23-F
El proceso del 23/F se está celebrando ya. Las noticias y contranoticias que todos los días se filtran a la Prensa, la guerra misma de las filtraciones, es un proceso previo por el cual el pueblo español está viendo, no que había tres golpes simultáneos y convergentes (tesis piadosa de alguna piadosa analista), sino que los traidores, aunque les pague Roma, es muy difícil que se pongan de acuerdo entre sí.La apelación al Rey, la pretensión de los abogados defensores de que Don Juan Carlos declarase en el juicio, aparte de anticonstitucional, lleva hasta el paroxismo una evidencia que ya es colectiva: estamos ante el proceso al cinismo. Aquí, como en Shakespeare, una culpabilidad engendra otra, hasta llegar a la culpa absoluta. Se empezó invocando el nombre del Rey en vano, para sacar los tanques a la calle, se ha seguido mezclando el nombre del Rey a un golpe que iba contra él y, ahora, un cinismo involuntario (yo no concedo el cinismo, como categoría intelectual, a cualquiera), lleva a pedir la declaración del Rey como testigo. Se ha protestado para explicar que los guateques preconspiratorios no se hacían con dinero del Estado, sino con dinero particular (la mayoría de los particulares cobran del Estado), pero no se ha protestado de la acusación de usar el nombre del Rey en vano Y por cosa de poco momento (aunque el momento pudo haber durado otros cuarenta años). Quiere decirse que la honorabilidad en las formas sociales sigue siendo toda la honorabilidad. La honorabilidad interior tiene otros nombres menos convencionales y está ya fuera de juego.

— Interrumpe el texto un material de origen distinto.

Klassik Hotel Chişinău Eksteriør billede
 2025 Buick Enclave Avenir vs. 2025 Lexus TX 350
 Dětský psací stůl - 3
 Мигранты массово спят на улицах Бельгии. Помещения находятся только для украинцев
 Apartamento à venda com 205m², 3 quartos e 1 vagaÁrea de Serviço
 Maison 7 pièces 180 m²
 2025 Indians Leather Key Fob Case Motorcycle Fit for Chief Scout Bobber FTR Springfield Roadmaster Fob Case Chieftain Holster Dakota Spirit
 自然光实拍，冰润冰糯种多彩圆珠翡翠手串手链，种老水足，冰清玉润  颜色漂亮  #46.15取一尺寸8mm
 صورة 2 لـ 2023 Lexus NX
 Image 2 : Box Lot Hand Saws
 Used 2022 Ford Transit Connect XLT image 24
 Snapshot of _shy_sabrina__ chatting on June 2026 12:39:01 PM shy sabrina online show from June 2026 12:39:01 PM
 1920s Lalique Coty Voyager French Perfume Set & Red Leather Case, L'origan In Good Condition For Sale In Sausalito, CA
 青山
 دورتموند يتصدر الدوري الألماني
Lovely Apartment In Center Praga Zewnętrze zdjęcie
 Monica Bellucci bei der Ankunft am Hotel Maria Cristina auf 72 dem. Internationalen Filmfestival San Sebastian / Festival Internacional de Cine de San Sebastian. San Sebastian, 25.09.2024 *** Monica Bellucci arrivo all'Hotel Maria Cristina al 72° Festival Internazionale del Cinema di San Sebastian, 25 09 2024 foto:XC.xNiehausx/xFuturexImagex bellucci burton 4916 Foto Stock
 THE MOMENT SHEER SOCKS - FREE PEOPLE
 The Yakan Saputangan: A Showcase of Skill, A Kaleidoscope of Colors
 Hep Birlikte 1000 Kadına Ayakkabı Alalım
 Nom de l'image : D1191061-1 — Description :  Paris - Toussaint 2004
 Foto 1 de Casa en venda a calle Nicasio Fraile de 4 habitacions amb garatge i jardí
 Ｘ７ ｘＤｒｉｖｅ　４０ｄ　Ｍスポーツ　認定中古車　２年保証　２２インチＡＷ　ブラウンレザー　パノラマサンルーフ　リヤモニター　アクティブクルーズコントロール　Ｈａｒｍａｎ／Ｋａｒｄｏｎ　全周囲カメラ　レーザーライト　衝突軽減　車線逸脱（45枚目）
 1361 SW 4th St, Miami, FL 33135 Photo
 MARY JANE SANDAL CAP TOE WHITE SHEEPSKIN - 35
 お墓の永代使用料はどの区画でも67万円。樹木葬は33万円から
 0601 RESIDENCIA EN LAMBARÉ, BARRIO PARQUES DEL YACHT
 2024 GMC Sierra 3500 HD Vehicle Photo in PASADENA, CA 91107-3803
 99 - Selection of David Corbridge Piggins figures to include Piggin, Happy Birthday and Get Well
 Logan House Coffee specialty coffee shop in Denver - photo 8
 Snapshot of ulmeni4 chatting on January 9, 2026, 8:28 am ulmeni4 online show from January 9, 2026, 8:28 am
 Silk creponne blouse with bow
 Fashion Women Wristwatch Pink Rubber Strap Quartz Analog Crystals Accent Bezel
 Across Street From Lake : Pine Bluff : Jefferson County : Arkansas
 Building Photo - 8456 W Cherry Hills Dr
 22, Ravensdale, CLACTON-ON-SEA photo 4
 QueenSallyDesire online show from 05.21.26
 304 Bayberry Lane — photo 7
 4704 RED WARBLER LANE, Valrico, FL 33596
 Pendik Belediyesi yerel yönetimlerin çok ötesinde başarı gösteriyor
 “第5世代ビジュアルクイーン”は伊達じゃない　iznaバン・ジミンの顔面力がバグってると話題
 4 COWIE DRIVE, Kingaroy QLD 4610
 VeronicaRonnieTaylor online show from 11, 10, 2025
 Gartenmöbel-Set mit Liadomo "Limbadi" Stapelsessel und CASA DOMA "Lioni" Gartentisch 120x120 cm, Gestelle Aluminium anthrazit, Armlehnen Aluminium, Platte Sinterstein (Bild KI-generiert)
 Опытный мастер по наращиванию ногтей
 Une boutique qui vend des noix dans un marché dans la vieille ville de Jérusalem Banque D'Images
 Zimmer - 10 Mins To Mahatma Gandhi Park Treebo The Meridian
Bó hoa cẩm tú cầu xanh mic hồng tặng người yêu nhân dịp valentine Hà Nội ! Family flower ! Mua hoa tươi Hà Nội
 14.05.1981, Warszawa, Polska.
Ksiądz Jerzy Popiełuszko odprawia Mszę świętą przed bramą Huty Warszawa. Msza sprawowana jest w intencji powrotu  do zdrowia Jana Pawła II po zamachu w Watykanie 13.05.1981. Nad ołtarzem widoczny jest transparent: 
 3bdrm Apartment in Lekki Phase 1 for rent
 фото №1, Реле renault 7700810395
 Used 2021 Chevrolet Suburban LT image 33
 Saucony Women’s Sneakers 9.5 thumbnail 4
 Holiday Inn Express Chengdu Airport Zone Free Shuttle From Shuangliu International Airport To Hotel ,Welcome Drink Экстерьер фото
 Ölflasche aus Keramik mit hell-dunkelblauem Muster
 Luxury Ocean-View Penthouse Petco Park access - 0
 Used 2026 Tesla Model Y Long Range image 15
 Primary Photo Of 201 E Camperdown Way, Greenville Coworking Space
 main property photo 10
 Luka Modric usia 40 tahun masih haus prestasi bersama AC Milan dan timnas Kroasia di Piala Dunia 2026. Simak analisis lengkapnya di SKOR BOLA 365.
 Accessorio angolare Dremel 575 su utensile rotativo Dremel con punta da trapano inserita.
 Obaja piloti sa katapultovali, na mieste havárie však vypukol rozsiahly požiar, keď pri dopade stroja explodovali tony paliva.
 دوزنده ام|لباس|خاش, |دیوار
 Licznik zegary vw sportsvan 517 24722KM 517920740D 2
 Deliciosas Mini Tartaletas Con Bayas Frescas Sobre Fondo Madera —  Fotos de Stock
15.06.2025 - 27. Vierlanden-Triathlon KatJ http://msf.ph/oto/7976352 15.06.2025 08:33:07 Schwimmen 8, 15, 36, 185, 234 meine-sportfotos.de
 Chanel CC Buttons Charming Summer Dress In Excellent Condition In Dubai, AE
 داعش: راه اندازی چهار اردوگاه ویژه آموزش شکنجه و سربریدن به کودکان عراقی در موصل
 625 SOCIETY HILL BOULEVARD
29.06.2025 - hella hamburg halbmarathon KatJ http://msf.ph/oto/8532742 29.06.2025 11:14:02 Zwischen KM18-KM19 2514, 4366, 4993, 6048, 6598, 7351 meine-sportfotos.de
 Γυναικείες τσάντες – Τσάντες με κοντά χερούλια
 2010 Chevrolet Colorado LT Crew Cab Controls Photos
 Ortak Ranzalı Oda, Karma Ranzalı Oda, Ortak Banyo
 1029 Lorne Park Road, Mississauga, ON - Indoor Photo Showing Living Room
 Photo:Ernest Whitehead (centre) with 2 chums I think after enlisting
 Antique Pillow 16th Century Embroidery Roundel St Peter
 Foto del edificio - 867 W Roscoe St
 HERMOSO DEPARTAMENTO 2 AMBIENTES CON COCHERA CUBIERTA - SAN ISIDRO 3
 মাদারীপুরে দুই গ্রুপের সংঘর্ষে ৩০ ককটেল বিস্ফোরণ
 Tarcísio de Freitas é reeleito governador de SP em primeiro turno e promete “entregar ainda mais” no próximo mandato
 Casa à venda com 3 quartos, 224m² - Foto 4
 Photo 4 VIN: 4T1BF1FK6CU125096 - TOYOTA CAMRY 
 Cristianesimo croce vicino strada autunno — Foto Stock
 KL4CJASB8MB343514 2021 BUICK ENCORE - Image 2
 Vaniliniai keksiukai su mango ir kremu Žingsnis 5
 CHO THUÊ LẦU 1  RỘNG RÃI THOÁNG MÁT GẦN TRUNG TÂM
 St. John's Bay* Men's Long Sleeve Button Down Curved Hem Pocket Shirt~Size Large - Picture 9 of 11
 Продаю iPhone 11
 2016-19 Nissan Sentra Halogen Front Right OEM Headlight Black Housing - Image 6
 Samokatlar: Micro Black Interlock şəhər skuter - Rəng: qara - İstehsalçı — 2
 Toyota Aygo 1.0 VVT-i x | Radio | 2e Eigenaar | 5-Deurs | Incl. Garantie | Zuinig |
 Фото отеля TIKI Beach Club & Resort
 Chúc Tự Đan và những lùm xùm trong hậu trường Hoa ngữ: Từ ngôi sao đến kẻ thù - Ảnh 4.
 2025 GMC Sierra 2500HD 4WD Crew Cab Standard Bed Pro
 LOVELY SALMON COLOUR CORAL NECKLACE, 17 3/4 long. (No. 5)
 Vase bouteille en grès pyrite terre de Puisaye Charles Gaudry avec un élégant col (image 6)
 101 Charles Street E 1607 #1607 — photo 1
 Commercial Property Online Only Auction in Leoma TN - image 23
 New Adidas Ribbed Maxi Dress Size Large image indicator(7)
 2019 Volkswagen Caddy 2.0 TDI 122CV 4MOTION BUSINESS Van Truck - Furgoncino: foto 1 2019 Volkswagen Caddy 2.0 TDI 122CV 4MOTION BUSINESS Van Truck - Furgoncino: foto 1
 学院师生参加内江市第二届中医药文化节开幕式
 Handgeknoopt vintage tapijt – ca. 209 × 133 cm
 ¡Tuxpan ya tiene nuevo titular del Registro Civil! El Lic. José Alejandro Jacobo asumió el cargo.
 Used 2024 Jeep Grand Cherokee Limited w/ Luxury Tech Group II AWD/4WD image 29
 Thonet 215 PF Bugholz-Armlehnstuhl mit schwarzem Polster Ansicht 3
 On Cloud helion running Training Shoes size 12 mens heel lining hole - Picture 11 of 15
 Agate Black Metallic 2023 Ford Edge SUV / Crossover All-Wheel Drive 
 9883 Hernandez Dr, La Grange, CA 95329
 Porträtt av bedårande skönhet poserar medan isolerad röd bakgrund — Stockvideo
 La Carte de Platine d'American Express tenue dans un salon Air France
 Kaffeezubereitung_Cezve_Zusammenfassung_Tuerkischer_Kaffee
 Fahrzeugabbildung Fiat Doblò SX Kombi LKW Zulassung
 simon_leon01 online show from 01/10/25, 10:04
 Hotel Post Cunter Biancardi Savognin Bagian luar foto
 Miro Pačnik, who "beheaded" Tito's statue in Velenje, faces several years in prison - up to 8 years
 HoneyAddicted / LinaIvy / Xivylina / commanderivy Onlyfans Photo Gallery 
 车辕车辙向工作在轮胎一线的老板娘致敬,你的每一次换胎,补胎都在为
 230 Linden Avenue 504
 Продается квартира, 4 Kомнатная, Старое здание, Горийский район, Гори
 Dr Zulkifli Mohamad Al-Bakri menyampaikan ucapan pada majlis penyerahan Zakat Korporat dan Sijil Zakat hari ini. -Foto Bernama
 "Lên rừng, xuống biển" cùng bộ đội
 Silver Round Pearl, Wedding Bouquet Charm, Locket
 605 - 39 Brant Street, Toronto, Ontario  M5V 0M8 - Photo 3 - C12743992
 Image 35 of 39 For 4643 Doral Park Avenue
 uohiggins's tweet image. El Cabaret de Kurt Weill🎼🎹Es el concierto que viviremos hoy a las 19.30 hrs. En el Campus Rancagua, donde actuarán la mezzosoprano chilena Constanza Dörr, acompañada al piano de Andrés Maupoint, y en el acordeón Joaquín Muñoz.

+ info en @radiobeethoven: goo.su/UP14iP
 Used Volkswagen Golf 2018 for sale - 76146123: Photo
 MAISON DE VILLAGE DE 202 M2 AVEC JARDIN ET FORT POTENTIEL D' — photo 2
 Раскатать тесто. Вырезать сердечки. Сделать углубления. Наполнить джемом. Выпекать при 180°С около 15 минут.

Al cinismo se llega por un proceso de estilización intelectual de autocrueldad o por simple desesperación. El 23/ F va a ser el proceso al cinismo, pero no al de raíz intelectual. La presunta requisitoria al Rey no pretende aclarar ni aportar ningún dato, por supuesto, sino proporcionarse la satisfacción última de confundir la Historia de España y a los españoles, más el onanismo individual de sentar en el trono de la duda y la suspicacia a quien nunca quiere sentarse en el trono legítimo, por falta de tiempo y exceso de energías. (Curioso contraste con aquel sillón, estilizado en trono, que Franco usaba para sus recepciones en el Palacio de Oriente y otras autoconsagraciones.) Napoleón y Hitler necesitaban ser coronados por algún Papa, aunque no creyeran en él. Lo que más añoran las dictaduras es la juridicidad que les falta, y empeñan sus mejores y mayores esfuerzos en fingirla o sustituirla. En la política, como en las novelas de Corín Tellado (tan revisitada ahora por el esnobismo latinoamericano), el hombre necesita que le quieran por sí mismo. Hasta Pinochet. El Rey de España, relevado de esas penosidades por genealogía y ejecutoria, tiene todo su tiempo libre para tratar de España, jugar al tenis, visitar a Baltasar Porcel en Andraitx y parar golpismos en una noche, con la ayuda de los ilustres generales que todos sabemos. Los orfeonistas de Herri Batasuna han dicho que, llegado el caso, volverían a interrumpir al Rey con su cantata o coplilla. La repetición mecánica de un agravio que en principio pudo ser espontáneo e inteligible da también el cinismo. Entre ambos cinismos se mueve hoy la figura nada cínica del Rey. Entre ambos cinismos estamos cogidos todos los españoles. Es vieja la teoría según la cual al cínico no se le combate con moralidades, sino con mayor cinismo. Pero la ley, el Ejército, la democracia, no pueden caer en la trampa del cinismo.
Sólo los escritores, los comentaristas, los «poderes inermes», podemos usar el arma del cinismo contra el cinismo de las armas. De momento.